Data listing →
============

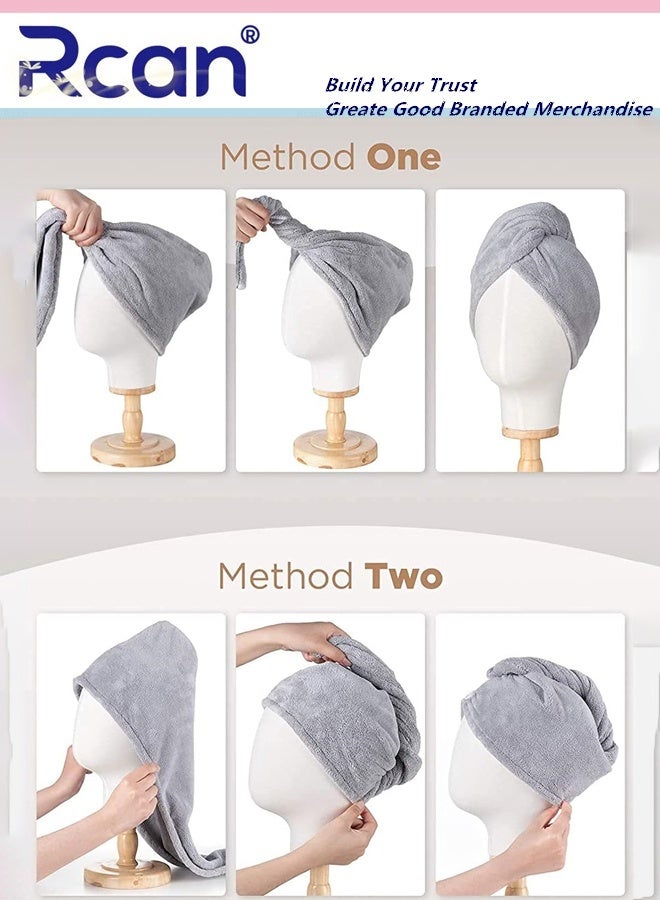 ركان منشفة شعر من الألياف الدقيقة، 3 عبوات، عمامة شعر لتجفيف الشعر المبلل، مناشف لف الشعر للشعر المجعد للنساء، مضادة للتجعد - Image 2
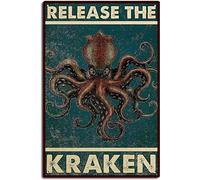 Release The Kraken Signs, Most Iconic Quotes Tin Sign Wall Poster Decor Funny Retro Bar Coffee Pub Gift Wall Decor Sign 8x12 Inch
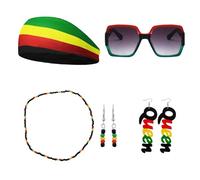 Miaija 5Pieces Women's African Jewelry Set Jamaican Square Sunglasses Fashion Beaded Necklace Earrings Wooden Earrings Rasta Headband for Women Girl Costume Accessories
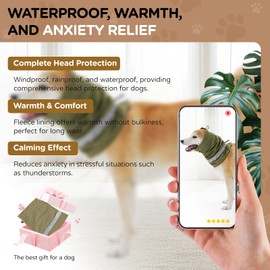 Kercynar Dog Ear Covers Waterproof for Bath, Thunderstorms, Dog Anxiety Relief Hat, Dog Windproof Reducing Noise Hat, Warm Dog Ear Cover Winter Hat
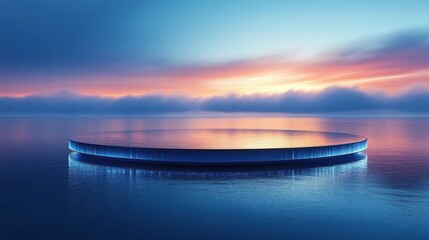 Canvas Print - Futuristic circular platform floating on calm water at sunset.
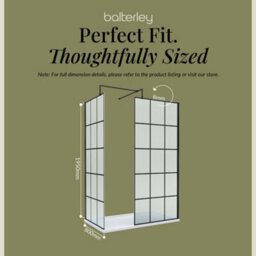 Balterley 8mm Glass Walk In Wetroom Screens With Matt Black Framed Design And White Shower Tray - 1400 X 800mm - thumbnail 5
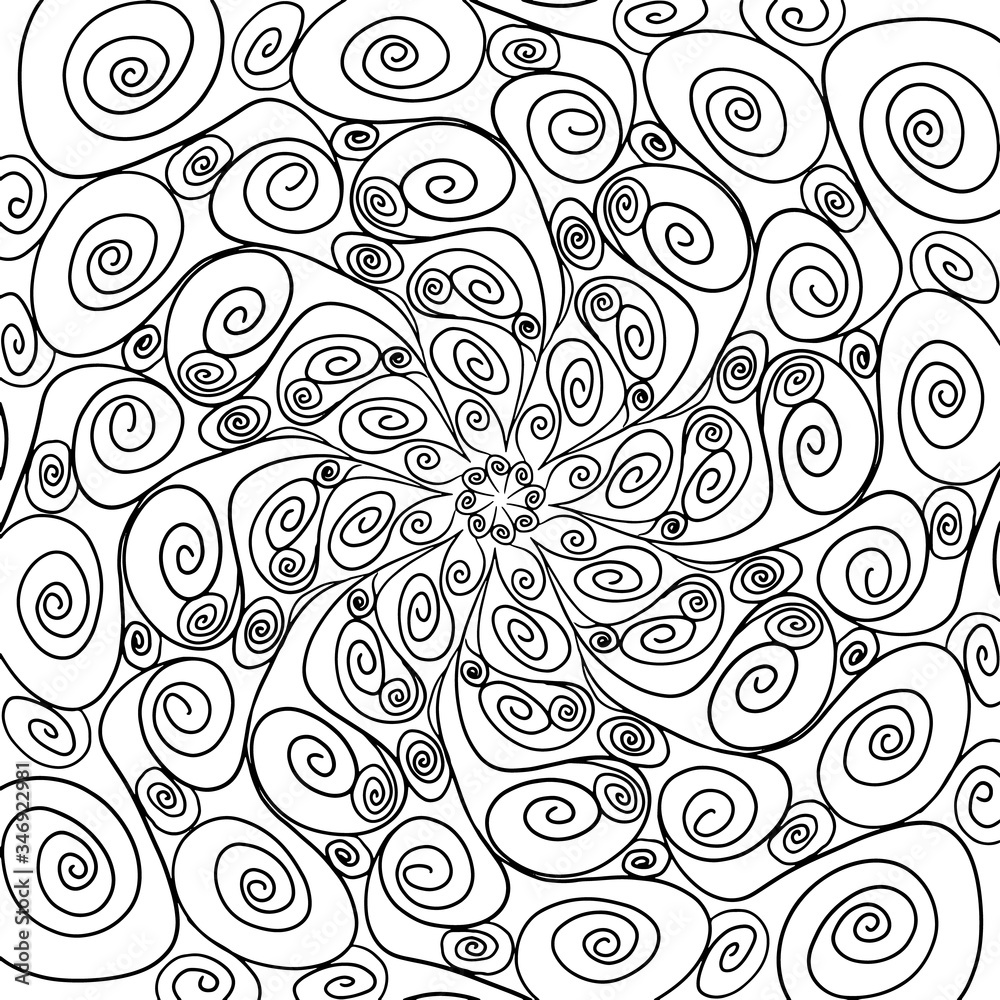 Pattern hand drawn doodles mandala. Dynamic contour repeating elements. Coloring pages for adult, children. Modern abstract spirals, swirls, line, spot. Vector cartoon black outline white background Pattern hand drawn doodles mandala. Dynamic contour repeating elements. Coloring pages for adult, children. Modern abstract spirals, swirls, line, spot. Vector cartoon black outline white background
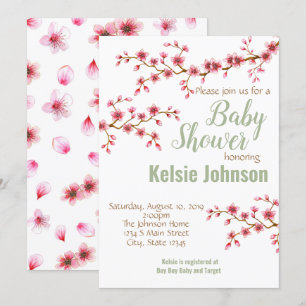 Kirschblüten-Baby-Party Einladung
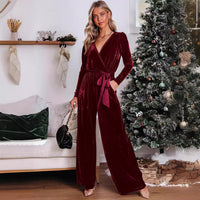 New Women's Solid Color Long Sleeve Jumpsuit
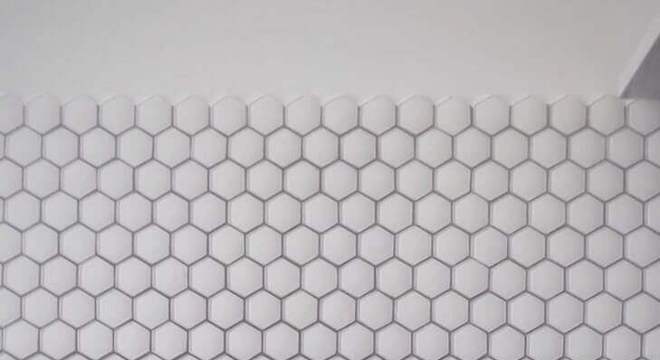 pastilhas de vidro em formato hexagonal 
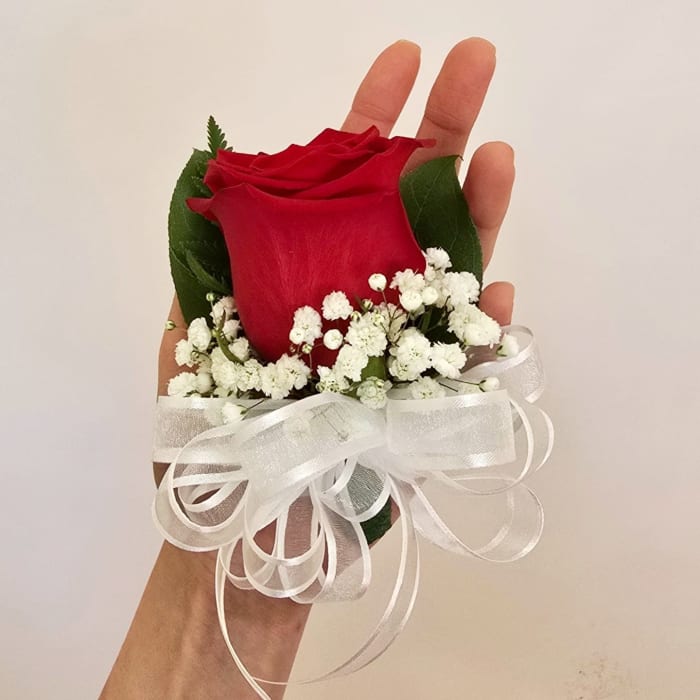 SINGLE RED ROSE CORSAGE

============

Problem statement → "Release The Kraken" marks the last line to keep. Retype every line from the start of the entries through that one, exactly, and drop the pictures.

Task solution →
 ركان منشفة شعر من الألياف الدقيقة، 3 عبوات، عمامة شعر لتجفيف الشعر المبلل، مناشف لف الشعر للشعر المجعد للنساء، مضادة للتجعد - Image 2
 Release The Kraken Signs, Most Iconic Quotes Tin Sign Wall Poster Decor Funny Retro Bar Coffee Pub Gift Wall Decor Sign 8x12 Inch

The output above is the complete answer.